Scraped caption text data
▼▼▼

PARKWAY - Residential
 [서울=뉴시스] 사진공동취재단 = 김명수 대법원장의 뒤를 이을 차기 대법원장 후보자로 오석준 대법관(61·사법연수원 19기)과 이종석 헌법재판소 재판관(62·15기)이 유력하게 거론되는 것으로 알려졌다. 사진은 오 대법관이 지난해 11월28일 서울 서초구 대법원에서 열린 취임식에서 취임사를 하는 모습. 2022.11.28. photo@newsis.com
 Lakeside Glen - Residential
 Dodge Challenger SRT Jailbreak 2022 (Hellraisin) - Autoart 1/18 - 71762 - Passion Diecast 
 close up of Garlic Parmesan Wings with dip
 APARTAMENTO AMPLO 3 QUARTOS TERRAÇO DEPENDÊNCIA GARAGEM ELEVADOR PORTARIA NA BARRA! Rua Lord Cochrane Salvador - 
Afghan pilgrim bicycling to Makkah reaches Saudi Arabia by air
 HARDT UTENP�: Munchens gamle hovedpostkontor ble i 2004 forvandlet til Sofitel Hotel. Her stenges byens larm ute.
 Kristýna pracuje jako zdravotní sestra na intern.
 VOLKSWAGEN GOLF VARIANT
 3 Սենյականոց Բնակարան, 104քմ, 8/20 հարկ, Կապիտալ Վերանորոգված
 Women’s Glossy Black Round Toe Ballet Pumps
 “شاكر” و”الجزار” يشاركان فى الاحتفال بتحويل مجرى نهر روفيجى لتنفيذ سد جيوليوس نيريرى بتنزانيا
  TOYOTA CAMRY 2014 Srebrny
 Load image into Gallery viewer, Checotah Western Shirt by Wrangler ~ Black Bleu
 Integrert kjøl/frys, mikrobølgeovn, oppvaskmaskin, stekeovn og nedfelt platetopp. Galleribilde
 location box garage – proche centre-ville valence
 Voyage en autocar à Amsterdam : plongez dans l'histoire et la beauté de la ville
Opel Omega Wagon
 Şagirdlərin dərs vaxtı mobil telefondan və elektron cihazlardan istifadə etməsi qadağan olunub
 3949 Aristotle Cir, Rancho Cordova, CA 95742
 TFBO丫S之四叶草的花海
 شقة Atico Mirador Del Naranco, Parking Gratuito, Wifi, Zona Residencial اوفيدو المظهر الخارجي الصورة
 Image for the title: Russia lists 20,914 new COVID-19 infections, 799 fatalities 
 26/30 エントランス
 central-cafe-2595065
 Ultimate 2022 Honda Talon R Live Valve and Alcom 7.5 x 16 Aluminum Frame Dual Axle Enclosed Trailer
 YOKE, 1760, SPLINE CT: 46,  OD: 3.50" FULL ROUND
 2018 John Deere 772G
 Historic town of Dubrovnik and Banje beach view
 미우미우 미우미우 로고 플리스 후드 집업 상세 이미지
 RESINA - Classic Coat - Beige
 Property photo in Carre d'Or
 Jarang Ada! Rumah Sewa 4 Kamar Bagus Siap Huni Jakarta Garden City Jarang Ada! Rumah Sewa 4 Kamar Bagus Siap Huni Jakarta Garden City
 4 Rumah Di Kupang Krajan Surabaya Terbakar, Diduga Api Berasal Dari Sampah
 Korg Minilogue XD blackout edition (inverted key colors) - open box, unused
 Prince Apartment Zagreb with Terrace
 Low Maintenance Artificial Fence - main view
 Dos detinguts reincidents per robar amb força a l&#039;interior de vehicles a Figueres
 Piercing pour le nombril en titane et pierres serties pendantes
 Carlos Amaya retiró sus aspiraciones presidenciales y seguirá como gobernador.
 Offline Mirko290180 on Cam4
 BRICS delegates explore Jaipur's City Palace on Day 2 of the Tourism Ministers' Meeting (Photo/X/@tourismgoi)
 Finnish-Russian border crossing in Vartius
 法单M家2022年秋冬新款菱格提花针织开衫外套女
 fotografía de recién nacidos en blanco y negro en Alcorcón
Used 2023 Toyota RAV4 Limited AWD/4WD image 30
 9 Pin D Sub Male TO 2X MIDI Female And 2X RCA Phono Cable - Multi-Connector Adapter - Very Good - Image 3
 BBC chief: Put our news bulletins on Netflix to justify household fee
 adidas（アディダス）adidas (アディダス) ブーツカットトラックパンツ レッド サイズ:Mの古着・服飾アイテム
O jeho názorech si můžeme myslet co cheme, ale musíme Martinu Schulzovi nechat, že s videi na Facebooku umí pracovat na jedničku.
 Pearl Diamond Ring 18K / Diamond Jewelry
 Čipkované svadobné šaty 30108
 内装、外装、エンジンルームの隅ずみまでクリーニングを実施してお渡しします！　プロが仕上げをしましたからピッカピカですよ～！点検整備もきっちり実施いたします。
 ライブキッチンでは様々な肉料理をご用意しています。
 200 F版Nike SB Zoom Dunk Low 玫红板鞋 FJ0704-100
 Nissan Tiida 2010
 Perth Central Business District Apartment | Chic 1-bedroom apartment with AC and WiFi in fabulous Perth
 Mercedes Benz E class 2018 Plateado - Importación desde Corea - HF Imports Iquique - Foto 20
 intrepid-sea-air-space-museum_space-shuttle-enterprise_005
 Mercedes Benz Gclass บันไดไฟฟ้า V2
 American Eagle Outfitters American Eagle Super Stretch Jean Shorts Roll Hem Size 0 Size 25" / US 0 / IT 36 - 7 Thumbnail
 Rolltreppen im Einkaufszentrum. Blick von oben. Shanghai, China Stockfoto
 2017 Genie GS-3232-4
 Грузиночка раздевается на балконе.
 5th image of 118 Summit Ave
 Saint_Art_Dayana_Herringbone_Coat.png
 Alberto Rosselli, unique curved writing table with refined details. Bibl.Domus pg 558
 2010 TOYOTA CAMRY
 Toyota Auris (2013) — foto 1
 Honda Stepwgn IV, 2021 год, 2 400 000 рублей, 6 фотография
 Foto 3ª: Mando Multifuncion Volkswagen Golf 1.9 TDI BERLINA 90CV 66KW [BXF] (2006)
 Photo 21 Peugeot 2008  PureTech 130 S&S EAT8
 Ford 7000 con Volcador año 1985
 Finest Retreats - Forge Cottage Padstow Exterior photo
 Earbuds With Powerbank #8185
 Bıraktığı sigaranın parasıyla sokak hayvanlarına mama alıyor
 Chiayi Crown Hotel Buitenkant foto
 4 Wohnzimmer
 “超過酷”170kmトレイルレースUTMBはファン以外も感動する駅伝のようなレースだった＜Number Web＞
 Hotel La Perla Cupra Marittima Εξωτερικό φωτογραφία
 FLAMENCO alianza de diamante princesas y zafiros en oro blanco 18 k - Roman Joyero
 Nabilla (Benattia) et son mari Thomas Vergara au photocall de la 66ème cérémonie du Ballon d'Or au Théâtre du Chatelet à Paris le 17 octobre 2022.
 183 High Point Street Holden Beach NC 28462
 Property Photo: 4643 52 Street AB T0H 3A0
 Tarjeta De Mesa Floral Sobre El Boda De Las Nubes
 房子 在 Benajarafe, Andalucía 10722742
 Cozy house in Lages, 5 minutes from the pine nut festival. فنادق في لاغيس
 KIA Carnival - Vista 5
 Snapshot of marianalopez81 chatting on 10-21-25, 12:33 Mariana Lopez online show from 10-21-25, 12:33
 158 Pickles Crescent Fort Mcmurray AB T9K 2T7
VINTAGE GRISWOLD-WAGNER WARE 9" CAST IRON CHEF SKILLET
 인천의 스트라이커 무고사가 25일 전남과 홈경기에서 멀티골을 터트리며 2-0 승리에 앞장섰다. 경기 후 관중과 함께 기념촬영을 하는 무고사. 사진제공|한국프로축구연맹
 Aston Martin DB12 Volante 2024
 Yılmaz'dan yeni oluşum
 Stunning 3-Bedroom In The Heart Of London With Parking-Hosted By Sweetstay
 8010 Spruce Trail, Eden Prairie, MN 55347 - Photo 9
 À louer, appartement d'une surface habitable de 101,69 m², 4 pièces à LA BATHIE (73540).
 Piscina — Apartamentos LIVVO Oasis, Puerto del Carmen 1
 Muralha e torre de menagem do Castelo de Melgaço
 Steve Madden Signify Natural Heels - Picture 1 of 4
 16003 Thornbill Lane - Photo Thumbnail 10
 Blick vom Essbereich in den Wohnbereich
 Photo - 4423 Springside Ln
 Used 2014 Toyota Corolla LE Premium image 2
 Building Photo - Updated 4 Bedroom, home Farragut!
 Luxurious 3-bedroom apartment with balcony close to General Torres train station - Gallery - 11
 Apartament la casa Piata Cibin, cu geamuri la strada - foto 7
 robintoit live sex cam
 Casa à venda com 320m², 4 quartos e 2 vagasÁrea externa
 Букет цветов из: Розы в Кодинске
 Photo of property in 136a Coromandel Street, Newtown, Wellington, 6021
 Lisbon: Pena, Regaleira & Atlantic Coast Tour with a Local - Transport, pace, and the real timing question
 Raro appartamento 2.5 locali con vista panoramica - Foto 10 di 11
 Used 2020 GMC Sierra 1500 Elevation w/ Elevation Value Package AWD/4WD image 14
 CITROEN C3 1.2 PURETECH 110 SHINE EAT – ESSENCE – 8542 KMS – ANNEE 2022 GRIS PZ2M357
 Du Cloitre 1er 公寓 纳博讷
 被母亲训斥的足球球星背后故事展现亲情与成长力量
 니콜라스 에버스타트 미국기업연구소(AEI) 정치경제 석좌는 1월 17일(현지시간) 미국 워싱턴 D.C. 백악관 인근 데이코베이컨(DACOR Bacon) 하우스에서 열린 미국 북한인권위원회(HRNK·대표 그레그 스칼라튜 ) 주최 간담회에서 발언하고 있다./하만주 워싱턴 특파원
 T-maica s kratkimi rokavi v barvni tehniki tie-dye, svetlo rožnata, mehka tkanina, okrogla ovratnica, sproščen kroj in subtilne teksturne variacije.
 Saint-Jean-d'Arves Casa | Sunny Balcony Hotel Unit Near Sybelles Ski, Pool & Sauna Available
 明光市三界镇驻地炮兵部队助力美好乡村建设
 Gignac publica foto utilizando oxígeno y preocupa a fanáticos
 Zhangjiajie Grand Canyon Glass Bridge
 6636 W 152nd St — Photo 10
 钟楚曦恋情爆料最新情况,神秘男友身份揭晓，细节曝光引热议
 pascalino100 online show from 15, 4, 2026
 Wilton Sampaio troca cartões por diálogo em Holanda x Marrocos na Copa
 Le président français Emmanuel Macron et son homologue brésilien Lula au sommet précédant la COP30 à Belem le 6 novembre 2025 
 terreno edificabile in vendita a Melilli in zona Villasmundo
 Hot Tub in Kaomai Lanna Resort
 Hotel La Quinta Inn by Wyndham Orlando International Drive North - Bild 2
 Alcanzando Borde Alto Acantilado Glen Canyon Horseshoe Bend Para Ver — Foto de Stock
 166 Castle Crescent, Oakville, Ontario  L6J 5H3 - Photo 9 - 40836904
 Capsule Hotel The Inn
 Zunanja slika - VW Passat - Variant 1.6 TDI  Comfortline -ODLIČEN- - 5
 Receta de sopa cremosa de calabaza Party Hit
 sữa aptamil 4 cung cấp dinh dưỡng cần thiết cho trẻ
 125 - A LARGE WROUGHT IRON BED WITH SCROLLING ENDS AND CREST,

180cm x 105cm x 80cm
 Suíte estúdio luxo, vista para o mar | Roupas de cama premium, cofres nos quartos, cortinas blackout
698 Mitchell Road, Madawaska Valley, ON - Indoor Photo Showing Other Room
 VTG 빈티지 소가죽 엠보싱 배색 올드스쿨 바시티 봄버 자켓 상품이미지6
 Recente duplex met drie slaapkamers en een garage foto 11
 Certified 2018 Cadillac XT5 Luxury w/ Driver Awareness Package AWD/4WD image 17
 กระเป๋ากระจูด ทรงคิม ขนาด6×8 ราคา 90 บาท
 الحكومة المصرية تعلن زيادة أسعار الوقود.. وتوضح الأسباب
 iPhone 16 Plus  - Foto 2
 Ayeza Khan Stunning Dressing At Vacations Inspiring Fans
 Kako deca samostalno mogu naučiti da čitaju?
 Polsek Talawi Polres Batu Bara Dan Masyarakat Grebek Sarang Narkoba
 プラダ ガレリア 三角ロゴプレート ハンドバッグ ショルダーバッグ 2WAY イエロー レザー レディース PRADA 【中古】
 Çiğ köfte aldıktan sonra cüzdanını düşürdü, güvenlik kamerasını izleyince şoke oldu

▲▲▲

Prompt: Starting from the data above, filter for lines with "Residential" and copy each one.

Result:
PARKWAY - Residential
 Lakeside Glen - Residential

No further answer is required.